Why do you expect the correlation of b0 to be lkjcc_corr?
Here you have one “group” only, but as I said, lkjcc is a hyperprior and the MvNormal with covariance lkjcc is a prior.
If instead of using MvNormal as the prior for b0 you used a Normal one, would you expect them to be uncorrelated?
If instead of using lkjcc as covariance of the MvNormal you used a fixed value, would you expect the correlation of the posterior samples in b0 to be that fixed value?
If instead of having a single “group” you used the lkjcc with a hierarchical model, would you expect the correlations of all levels to match lkjcc? This is actually what happens in A Primer on Bayesian Methods for Multilevel Modeling — PyMC example gallery, the correlations in posterior samples between a and b in ab_county for each county go between -0.6 and -0.1.
Your case is similar to the model in the radon notebook that uses lkjcholeskycov, but you only have one “group” in your case. I generally struggle trying to interpret and intuitively work with hyperpriors, but I don’t see why does lkjcc_corr need to match the correlations between posterior samples. It might seem that the fact there is only one group means the hyperprior will learn the correlations in b0, but:
- does it really have enough information to do so? Has it really learned the correlations but it stores them in the wrong position? [1]
- Does it get stuck on some kind of local minima? After all, lkjcc is “just a prior”, the vast majority of models only use univariate priors yet the vast majority of posteriors have correlations between the posterior variables.
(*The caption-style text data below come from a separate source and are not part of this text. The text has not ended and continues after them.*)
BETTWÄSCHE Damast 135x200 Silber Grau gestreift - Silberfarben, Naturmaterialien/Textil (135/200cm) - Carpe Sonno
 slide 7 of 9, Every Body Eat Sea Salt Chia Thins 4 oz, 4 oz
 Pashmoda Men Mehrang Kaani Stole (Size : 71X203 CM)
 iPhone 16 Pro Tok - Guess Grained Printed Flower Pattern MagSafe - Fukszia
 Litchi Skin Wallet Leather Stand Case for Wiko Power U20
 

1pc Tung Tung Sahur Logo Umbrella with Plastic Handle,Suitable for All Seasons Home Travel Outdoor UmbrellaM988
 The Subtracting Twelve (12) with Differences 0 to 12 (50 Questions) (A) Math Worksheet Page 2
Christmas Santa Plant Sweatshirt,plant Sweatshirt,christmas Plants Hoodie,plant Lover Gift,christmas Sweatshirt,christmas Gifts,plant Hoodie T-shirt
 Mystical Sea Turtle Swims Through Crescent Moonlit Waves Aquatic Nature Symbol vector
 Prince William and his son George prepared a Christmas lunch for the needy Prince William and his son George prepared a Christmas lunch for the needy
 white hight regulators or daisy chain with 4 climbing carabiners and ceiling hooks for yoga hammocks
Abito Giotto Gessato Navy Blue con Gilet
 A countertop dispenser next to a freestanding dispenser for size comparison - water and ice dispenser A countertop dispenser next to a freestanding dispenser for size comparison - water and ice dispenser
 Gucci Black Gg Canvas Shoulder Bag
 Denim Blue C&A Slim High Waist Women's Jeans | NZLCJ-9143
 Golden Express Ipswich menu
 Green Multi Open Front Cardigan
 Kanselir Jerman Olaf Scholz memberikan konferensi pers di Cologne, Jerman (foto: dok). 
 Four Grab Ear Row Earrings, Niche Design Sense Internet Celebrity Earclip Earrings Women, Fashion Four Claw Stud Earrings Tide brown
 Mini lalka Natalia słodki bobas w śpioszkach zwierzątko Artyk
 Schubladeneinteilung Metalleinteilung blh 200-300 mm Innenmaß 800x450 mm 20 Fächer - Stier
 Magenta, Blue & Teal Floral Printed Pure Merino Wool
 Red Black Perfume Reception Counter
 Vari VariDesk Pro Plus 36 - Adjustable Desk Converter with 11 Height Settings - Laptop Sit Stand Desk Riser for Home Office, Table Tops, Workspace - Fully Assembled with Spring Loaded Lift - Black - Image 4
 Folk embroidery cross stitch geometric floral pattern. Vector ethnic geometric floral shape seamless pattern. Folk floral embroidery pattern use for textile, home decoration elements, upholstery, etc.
- Does the model show any sign of not having converged? There are many cases when we can know it hasn’t converged but never really get any convergence guarantee.
[1]. Instead of comparing the pdfs of each of the non-diagonal positions in lkjcc_corr to the mean correlation between variables in b0, you can use subsampling bootstrap (if you have 1000 samples, take the first 100 and compute the correlation, then the 1-101, 2-102… so you get 900 values of the posterior correlation) to estimate the pdf of the correlations in b0 and see if the distributions do indeed look the same but in the wrong matrix position or if they don’t.